The second reflection concerns the concluding words of Weigel’s article. He writes, “The result (of liquid Catholicism, best expressed by the German Synodal Path) will not be evangelical renewal but a further abandonment of the gospel.” This is clear and intentional evangelical language (consider the evangelical context in which Weigel writes). The evangelical, however, needs to understand what Weigel intends by this weighty statement. By “evangelical renewal” he most certainly does not mean an evangelical renewal that comes through submission to the authoritative Word of God alone. It is not an evangelical renewal similar to that of the Protestant Reformation of the 16th century. Far from it. When Weigel speaks of an evangelical renewal he is speaking of a “solid” Catholicism, built on the tradition of the Catholic Church and rooted in the sacraments. This is made clear in Weigel’s book Evangelical Catholicism: Deep Reform in the 21st Century. The language is attractive and familiar to the evangelical, but the intention is far from evangelical. Evangelical renewal is synonymous with Evangelical Catholicism. It is simply “Roman” Catholicism. It is a call to return to the solid, traditional Roman Catholicism that rejects “liquid” Catholicism, but is still very much Roman Catholic.  

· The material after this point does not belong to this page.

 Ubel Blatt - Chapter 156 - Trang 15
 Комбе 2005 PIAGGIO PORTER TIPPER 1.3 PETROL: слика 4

Weigel claims that liquid Catholicism will lead to a “further abandonment of the gospel.” The evangelical must ask him/herself, “What gospel?” The “liquodic” nature (meaning regardless of its solid or liquid, Roman or Catholic state) of Roman Catholicism is already an abandonment of the gospel. Further abandonment suggests that in its solid or “Roman” state it is at least somewhat faithful to the gospel, but the evangelical must not be led astray by this way of thinking. This is because no “evangelical renewal” (in the way that Weigel envisions it) in the Catholic Church will demolish the theological pillars on which the Roman Catholic theological system is built. The nature/grace interdependence will still be present, as will the Christ/Church interconnection. This means that the gospel was, is, and will continue to be obscured and abandoned in the Roman Catholic Church, regardless of its Roman or Catholic (liquid or solid) state. No “evangelical renewal” will change that. This can be accomplished only by complete submission to the authoritative Word of God alone. This is the only hope for a true evangelical renewal/reformation in the Catholic Church. May we pray ardently to this end.